▶ _Exercise_
Write out exactly the lines below that run from the one containing "An ambulance and" through the one containing "Front exterior of", both included, with no other lines.

▶ _Dataset_
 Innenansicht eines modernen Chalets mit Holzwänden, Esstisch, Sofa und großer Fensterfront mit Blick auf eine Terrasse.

--

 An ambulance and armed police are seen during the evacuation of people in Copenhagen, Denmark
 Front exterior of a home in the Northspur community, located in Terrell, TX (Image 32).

▶ _Response below_
 An ambulance and armed police are seen during the evacuation of people in Copenhagen, Denmark
 Front exterior of a home in the Northspur community, located in Terrell, TX (Image 32).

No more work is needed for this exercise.